Ropa na amerykańskiej giełdzie paliw w Nowym Jorku nieznacznie tanieje, po tygodniu mocnych wzrostów. Uwaga inwestorów kieruje się na doniesienia dotyczące huraganu Delta, który zagraża wydobyciu ropy w Zatoce Meksykańskiej oraz na strajk norweskich pracowników na Morzu Północnym - podają maklerzy.
Baryłka ropy West Texas Intermediate w dostawach na XI na giełdzie paliw NYMEX w Nowym Jorku jest wyceniana po 41,14 USD, niżej o 5 centów.

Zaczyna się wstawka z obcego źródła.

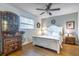 Comfortable main bedroom features a ceiling fan, window, and furniture at 2500 Lee Rd # 243, Winter Park, FL 32789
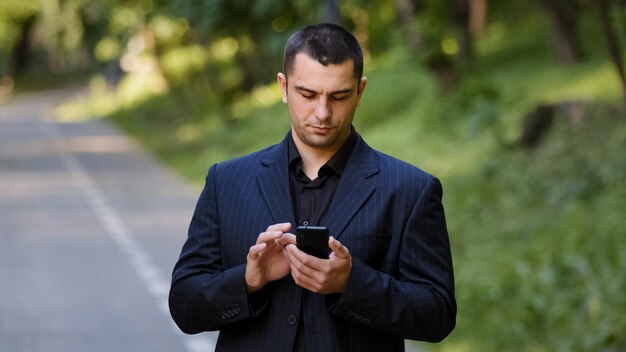 Foto el usuario adulto serio del hombre caucásico está parado al aire libre en el parque viste traje formal negro y sostiene el móvil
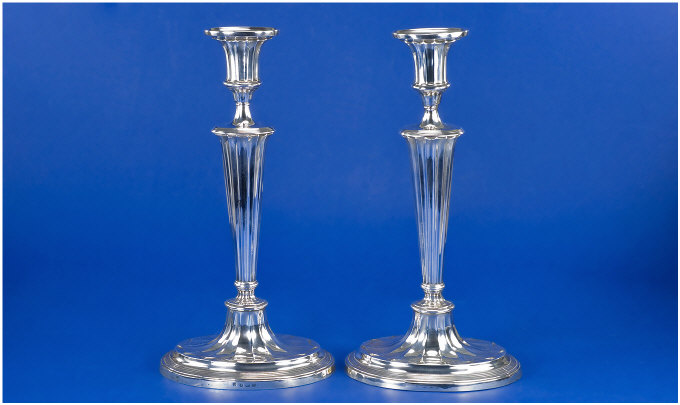 Appraisal: Pair of Edwardian Silver Fluted and Baluster Candlesticks With rounded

Ropa Brent w dostawach na XII na giełdzie paliw ICE Futures Europe w Londynie jest wyceniana po 43,25 USD za baryłkę, niżej o 9 centów
Ceny ropy w całym tygodniu zyskały około 10 proc., co było ich pierwszym wzrostem od trzech tygodni. Wzrostom sprzyjały perspektywy obniżenia podaży z powodu strajku norweskich pracowników sektora naftowego na Morzu Północnym. Według analityków ANZ Research może to obniżyć globalne dostawy ropy o 1 mln baryłek dziennie.
Z kolei o 1,5 mln baryłek dziennie spadło wydobycie ropy z powodu huraganu Delta, który prawdopodobnie w piątek uderzy w południowe wybrzeże USA w stanach Luizjana i Missisipi.

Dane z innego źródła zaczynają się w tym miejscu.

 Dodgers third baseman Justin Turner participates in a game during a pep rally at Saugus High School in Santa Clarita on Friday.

Delta w porywach osiągała w środę prędkość ponad 160 kilometrów na godzinę. Wiatry nieco osłabły po uderzeniu w wybrzeże Meksyku, ale żywioł prawdopodobnie wzmocni się ponownie nad ciepłymi wodami Zatoki Meksykańskiej.
Operatorzy platform naftowych w Zatoce Meksykańskiej obniżyli dostawy ropy o ok. 80 proc. przygotowując się do nadejścia Delty.